---------- THE DATA ----------

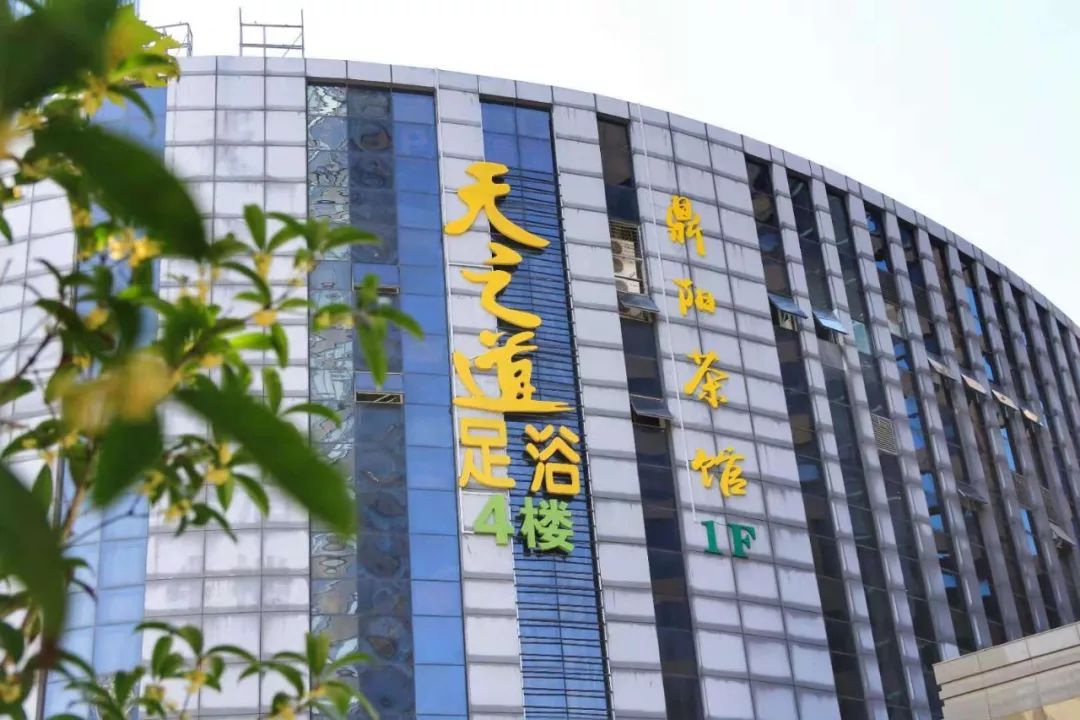 刘念写文章,刘念转气心法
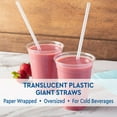 thumbnail image 4 of Member's Mark Giant Translucent Wrapped Plastic Straws, 10.25", 2,400 ct., 4 of 7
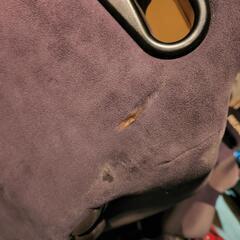 レカロ SR-3二脚 RECARO セミバケの画像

----------

__ABOUT THIS EXERCISE__: Return the lines of the data above in full and exactly, with no pictures.

__OUTPUT FOR THIS TASK__:
 刘念写文章,刘念转气心法
 thumbnail image 4 of Member's Mark Giant Translucent Wrapped Plastic Straws, 10.25", 2,400 ct., 4 of 7
 レカロ SR-3二脚 RECARO セミバケの画像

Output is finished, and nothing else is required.